Tibú, coca y deforestación

La foto de la deforestación en Norte de Santander (9.910 hectáreas) no difiere mucho de Chocó.

El municipio de Tibú, de unos 58 mil habitantes, pegado a la frontera con Venezuela, concentró 7.100 de las hectáreas afectadas, un 19 por ciento más que en 2018. 

Allá la causa es más directa y simple: coca. 

Aunque históricamente la zona del Catatumbo ha sido punto de referencia de los cultivos ilícitos, ha tenido un crecimiento mayor de áreas sembradas en los últimos años. 

Pasó de seis mil hectáreas en 2014 a 33 mil en 2018. El informe preliminar de 2019 señala que hubo un aumento de unas ocho mil hectáreas para llegar a 41 mil. Casi el mismo número que Nariño que es el primero en el ranking de departamentos con más coca. 

“El costo de oportunidad de los cultivos de uso ilícito frente a otras actividades, continúa fomentando el establecimiento y la expansión de la coca en la región”, resume el Ideam.

Ese aumento está colocando en riesgo zonas de amortiguamiento ambiental como el parque Catatumbo - Barí. Los resguardos indígenas Motilón-Bari y Gabarra-Catalaura están parcialmente afectados.

La relación deforestación-coca en Norte no solo pone en evidencia el fracaso del Programa Nacional de Sustitución de Cultivos Ilícitos, Pnis, que, como hemos contado sigue sin despegar, sino que muestra el terreno que han ganado los grupos ilegales.   

Cuando las Farc entregaron sus armas públicamente, en el Catatumbo se beneficiaron el EPL y el ELN. Pero ahora, las disidencias de la ‘Segunda Marquetalia’ de la banda de Iván Márquez y el Frente 33 han regresado a disputar espacios. 

Los cuatro grupos se mueven motivados por la hoja de coca y esa renta ilegal. 

El aumento de los compradores y el fracaso del Pnis, se convierten en el caldo de cultivo para incentivar más siembra. 

Por eso, según le explicó a La Silla un líder de derechos humanos de la región que pidió no ser citado por seguridad, ahora en el Catatumbo se ven espacios más grandes de áreas cultivadas. 

“Pasamos de cultivos de campesinos de una o dos hectáreas a unos de 15 o 30 hectáreas. Cada vez más algunos se arriesgan a procesar hasta cinco kilos porque saben que hay quién compre, aunque eso implique muchos riesgos”, nos comentó el líder. 

Y en ese propósito, el río Catatumbo se está consolidando como la ruta para sacar la droga.  
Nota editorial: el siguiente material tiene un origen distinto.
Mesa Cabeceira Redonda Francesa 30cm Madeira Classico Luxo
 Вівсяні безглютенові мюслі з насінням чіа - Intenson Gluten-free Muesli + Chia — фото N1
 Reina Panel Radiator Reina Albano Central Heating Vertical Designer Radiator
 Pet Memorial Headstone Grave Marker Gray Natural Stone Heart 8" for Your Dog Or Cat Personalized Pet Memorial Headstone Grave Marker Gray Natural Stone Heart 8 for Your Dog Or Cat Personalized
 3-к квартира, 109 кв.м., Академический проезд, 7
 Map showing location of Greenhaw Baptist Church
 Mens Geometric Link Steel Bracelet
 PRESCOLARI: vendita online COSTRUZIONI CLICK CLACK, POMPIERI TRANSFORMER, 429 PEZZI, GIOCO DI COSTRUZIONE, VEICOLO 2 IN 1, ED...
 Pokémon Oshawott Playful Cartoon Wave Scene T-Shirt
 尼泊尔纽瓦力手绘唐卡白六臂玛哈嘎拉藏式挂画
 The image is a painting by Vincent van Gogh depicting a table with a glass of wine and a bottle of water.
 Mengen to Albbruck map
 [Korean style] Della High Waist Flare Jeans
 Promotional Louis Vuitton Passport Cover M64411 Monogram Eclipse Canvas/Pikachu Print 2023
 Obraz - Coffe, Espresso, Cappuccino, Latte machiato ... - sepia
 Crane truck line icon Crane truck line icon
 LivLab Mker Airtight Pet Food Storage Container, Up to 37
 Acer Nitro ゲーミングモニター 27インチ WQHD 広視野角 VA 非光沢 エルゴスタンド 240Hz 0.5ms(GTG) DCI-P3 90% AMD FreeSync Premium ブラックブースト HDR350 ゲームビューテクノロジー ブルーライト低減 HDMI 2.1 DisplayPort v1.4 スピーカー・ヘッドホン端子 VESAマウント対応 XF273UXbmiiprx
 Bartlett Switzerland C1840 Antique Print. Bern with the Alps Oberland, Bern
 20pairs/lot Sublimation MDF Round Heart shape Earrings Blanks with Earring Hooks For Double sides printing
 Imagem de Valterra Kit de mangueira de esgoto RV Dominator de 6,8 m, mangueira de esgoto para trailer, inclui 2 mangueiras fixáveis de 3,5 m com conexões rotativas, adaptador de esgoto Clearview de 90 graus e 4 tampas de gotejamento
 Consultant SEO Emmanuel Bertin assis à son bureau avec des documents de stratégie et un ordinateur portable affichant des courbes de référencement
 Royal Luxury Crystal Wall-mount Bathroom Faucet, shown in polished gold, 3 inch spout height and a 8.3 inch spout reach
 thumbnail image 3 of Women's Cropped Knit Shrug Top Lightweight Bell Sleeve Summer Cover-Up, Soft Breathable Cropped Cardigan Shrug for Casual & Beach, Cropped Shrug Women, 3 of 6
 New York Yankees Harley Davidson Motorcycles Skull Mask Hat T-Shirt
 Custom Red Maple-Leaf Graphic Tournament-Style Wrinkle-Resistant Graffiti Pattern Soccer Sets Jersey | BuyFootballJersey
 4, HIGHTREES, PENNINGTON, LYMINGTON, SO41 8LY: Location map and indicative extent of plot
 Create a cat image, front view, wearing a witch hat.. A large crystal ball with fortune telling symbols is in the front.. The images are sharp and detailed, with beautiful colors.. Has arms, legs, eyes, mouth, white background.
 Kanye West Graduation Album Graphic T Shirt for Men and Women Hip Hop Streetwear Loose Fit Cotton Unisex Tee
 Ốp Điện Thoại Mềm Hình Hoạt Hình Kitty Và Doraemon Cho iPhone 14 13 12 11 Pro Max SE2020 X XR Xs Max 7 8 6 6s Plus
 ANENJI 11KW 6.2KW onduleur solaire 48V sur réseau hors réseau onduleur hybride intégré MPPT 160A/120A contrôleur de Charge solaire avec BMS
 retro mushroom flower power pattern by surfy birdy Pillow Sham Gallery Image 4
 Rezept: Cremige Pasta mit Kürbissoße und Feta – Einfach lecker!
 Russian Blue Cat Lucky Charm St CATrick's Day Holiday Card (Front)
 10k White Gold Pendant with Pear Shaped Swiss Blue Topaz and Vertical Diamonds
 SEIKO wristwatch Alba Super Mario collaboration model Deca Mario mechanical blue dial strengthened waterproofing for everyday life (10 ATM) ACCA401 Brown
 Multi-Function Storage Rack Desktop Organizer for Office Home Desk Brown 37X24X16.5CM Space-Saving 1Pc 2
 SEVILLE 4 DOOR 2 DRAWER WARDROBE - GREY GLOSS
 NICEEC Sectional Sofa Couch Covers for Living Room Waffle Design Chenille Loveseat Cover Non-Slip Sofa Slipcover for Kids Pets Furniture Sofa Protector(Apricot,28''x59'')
“Son esos grupos armados ilegales los que promueven actividades ilícitas que afectan los bosques de la zona”, añade el Ideam en su informe.

Las alertas tempranas de este año advierten más de 2.821 puntos de calor en el Catatumbo. Es decir, siguen las quemas para habilitar nuevos cultivos donde antes había bosque. 

Con las cifras sobre la mesa, está por verse si la expansión de esos nuevos focos en Chocó y Norte será sostenida o, al igual que como pasó con la Amazonía, el Gobierno podrá frenar su devastación y celebrar.